The Supreme Court confirms that the community can demand to remove the terrace of a bar if it occupies common areas, even if the bar is rented and the business is owned by a tenant

The Supreme Court confirms that the community can demand to remove the terrace of a bar if it occupies common areas, even if the bar is rented and the business is owned by a tenant

Neighboring communities that have a bar on the ground floor of the building should know that they can demand the removal of the terrace when it occupies common land, even if the premises are rented and whoever operates the business is a tenant. The Supreme Court has confirmed a ruling in which it supports that the community sue not only the owner of the premises, but also the tenant who was using that space to place tables, chairs, barrels, umbrellas and other elements of the bar.

The failure key (to which you have had access NewsWork) is that the Supreme Court distinguishes two situations. On the one hand, the person usually responsible for the community is the owner of the premises. But, on the other hand, when the person who is actually occupying the common area is the tenant, the community can also claim against him to stop that occupation.

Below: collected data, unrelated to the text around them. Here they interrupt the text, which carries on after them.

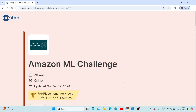Hello everyone, welcome back to my channel. Here is an update regarding the first round of the Amazon ML Challenge, which is the machine learning round. In this round, we already know that we have to submit a solution for the given problem statement. Let's see what the problem statement is and more details about the first round of this challenge.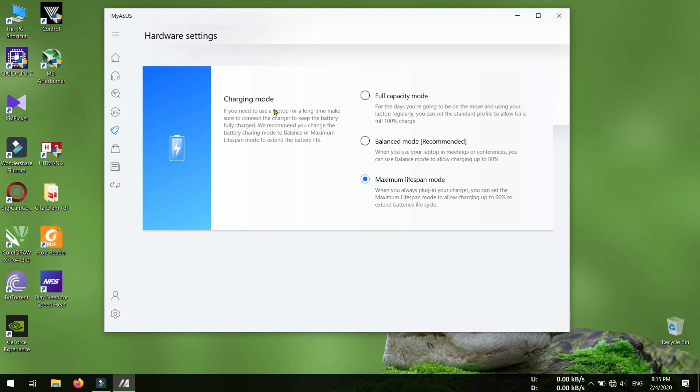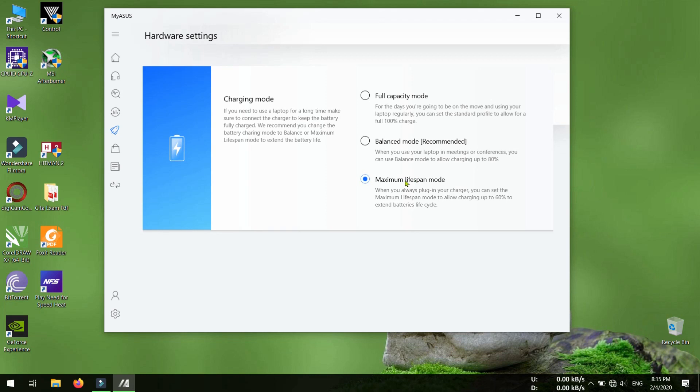Here you can see charging mode. In full capacity mode, your battery will be charged up to 100%. In balanced mode, your battery will be charged up to 80%. And in maximum lifespan mode, your battery will be charged up to 60%.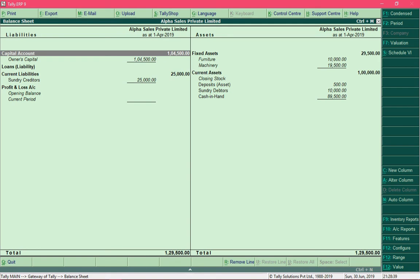With this exercise you've learned how to create ledgers in Tally. In the next video I will show you how to modify an existing ledger — in case you've made any mistakes — or how to delete a ledger completely.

That is why the ruling indicates that “the community of owners exercises a real action in defense of a common element.”

That is to say, it is not enough to hide behind the fact that the bar is rented or that the person who operates the activity does not own the premises. If it is the tenant who is occupying the common element, the community can also direct action against him to recover that space.

The community agreement was firm and was not appealed

The case stems from a community of owners who had agreed in a meeting to withdraw the authorization to place terrace elements in an area of ​​community ownership. The lawsuit requested the removal of “chairs, tables, barrels or any other element” installed in that space. In the first instance, they did not agree, but later, the Provincial Court agreed with the community and that decision has been supported by the Supreme Court.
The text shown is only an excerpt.